-- What the exercise asks --
Retype all of the entries that appear below, keeping them exactly as they are.

** Opening Working data block **

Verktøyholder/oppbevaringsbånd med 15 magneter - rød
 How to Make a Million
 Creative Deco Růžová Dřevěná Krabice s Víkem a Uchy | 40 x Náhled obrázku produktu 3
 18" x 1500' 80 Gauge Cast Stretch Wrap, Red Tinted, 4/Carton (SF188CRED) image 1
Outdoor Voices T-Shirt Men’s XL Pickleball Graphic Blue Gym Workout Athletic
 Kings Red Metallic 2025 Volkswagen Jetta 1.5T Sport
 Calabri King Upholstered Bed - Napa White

** Closing Working data block **

-- Exercise answer --
Verktøyholder/oppbevaringsbånd med 15 magneter - rød
 How to Make a Million
 Creative Deco Růžová Dřevěná Krabice s Víkem a Uchy | 40 x Náhled obrázku produktu 3
 18" x 1500' 80 Gauge Cast Stretch Wrap, Red Tinted, 4/Carton (SF188CRED) image 1
Outdoor Voices T-Shirt Men’s XL Pickleball Graphic Blue Gym Workout Athletic
 Kings Red Metallic 2025 Volkswagen Jetta 1.5T Sport
 Calabri King Upholstered Bed - Napa White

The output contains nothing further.